Escolhemos viver em um novo continente e, assim como quando mudamos de apartamento, por exemplo, é natural que façamos um reconhecimento não só da nossa nova casa e espaço privado, mas também da vizinhança, construindo mentalmente as dinâmicas de relação dentro do novo ambiente. Assim, os imigrantes precisam compreender a dinâmica deste novo mundo em que decidiram se estabelecer. É essencial nos inserirmos nas dinâmicas políticas europeias e entendermos as regras deste novo tabuleiro mundial para conseguirmos guiar nossas experiências pessoais.

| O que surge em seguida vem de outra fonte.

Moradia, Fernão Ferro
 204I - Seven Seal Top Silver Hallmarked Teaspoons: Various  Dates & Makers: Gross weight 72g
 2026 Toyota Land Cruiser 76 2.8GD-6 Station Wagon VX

"Mas eu não converso com vizinhos", você pode protestar. "Eu não voto em Portugal." Bem, votante ou não, sentimos os respingos das políticas adotadas e, para nossa sobrevivência em sociedade, é preciso termos empatia, ainda que esta não seja recíproca. Isso implica perceber o porquê de o outro pensar como pensa, calçar os seus sapatos e andar alguns bons quilômetros para, quando "descermos do salto", podermos fazê-lo com plena consciência das dificuldades sociais que estão por trás dessa crescente reação contra imigrantes, que se observa não só em Portugal, mas em toda a Europa.

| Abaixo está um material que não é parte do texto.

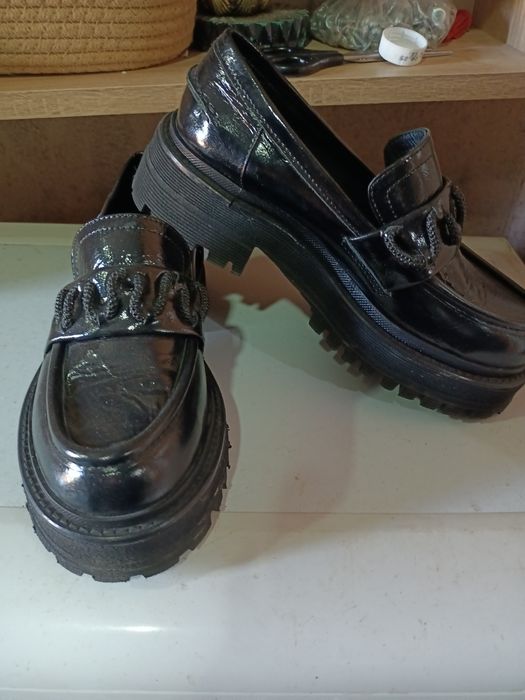 Продам осеннюю обувь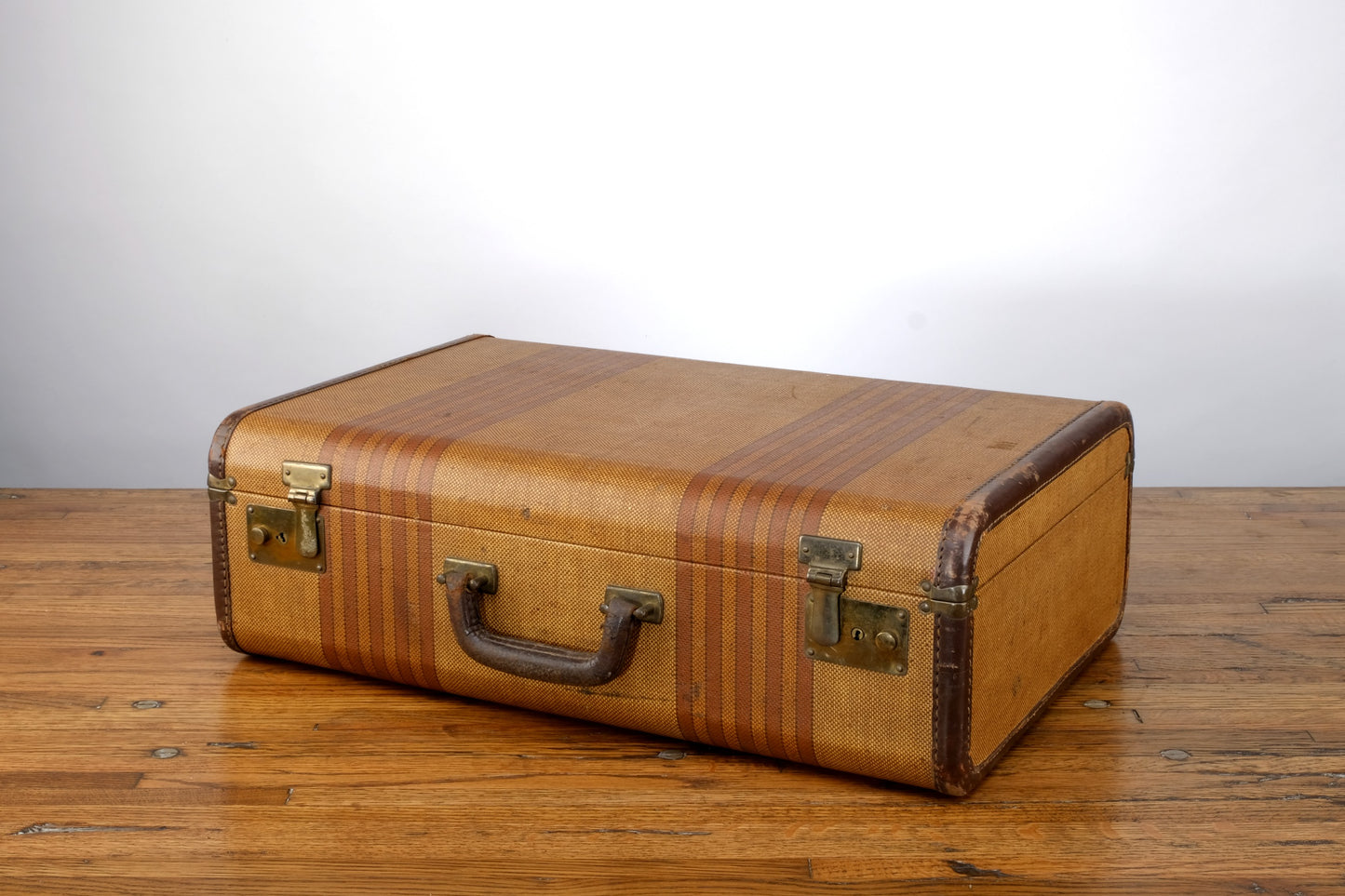 LINED LUGGAGE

Ao longo da história, especialistas relatam quatro grandes ondas de ascensão da extrema-direita política. A última, e que vivemos ainda hoje, teria surgido no início dos anos 2000, tomando força pontualmente por diversos lugares do mundo e culminando naquilo que especialistas cunham como a Extrema-Direita 2.0. O que todas essas ondas possuem em comum é que são uma resposta a crises econômicas, insegurança social, insatisfação e falta de confiança nas instituições de governo. Os ideais extremos, em qualquer sentido, são sempre uma resposta ao medo e à instabilidade e, infelizmente, os partidos que os usam têm feito um excelente manuseio deste poderio mental — o medo — como guia das massas populares.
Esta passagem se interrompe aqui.